The verdict caps a bizarre spate of disgusting school lunchtime misadventures starting in 2016. Students complained about finding bits of bone, blue plastic and, finally, bits of metal in chicken tenders.

Those tenders were supplied by SOMMA Foods, whose executives Blaine Iler, 35, Michael Turley and Brian Twomey, 50, had a secret business relationship with Goldstein, prosecutors said.

The trio partnered with Goldstein to found a company to buy grass-fed beef products that SOMMA would in turn sell in New York City’s school, according to court documents.

“I’m going to buy a lot of f—ing chicken from you guys, let’s do the beef,” Goldstein told one of the executives, court documents state.

Goldstein used his position to steer schools toward buying SOMMA’s products, while its executives concealed her ownership interest in the other food company.

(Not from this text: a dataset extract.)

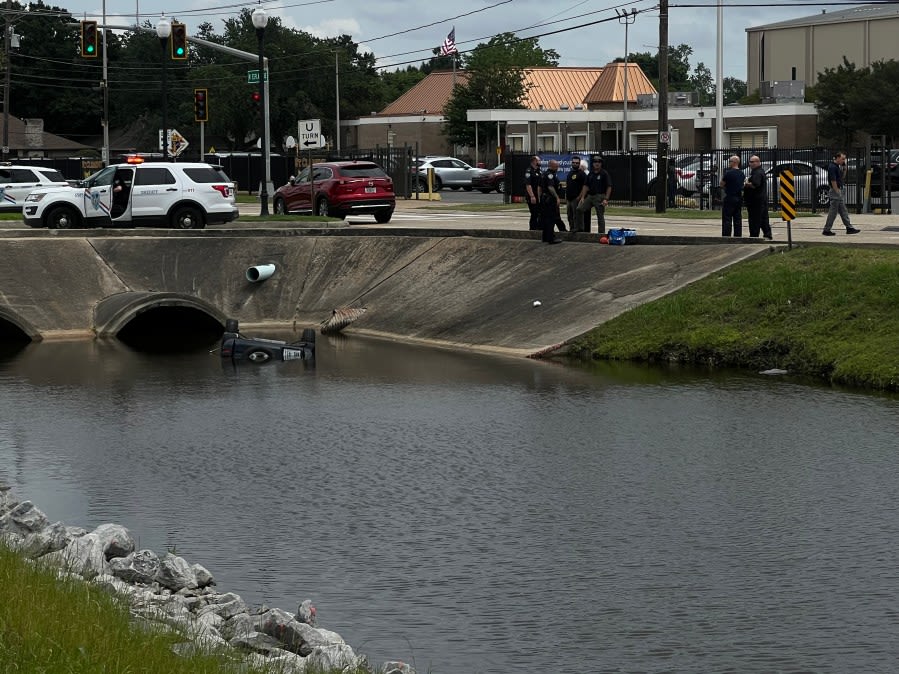 Bystanders recall saving two people from canal following car crash in Metairie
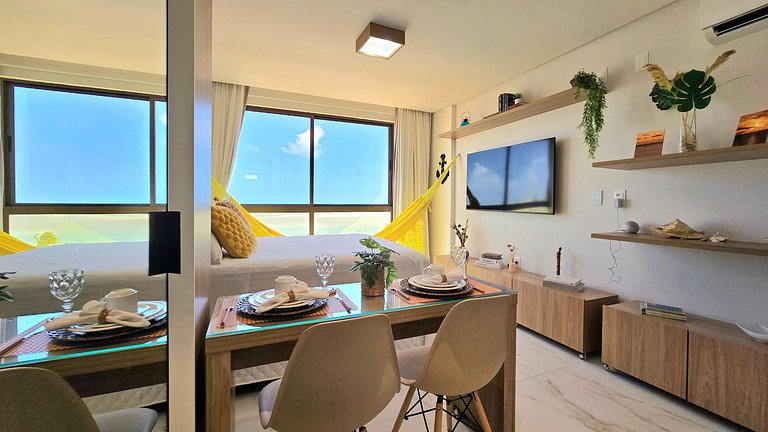 Vista para o mar com piscina deslumbrante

After a Department of Education employee choked on a bone left in a SOMMA chicken tender, the city’s schools briefly stopped serving the company’s foods in 2016, documents state. But Goldstein signed off on allowing SOMMA’s chicken back into schools after he received a nearly $67,000 bribe from the three executives, prosecutors said.

SOMMA’s food continued to be served until 2017, when a student found metal in a chicken tender.

Goldstein and the three executives face up to 20 years in prison when sentenced.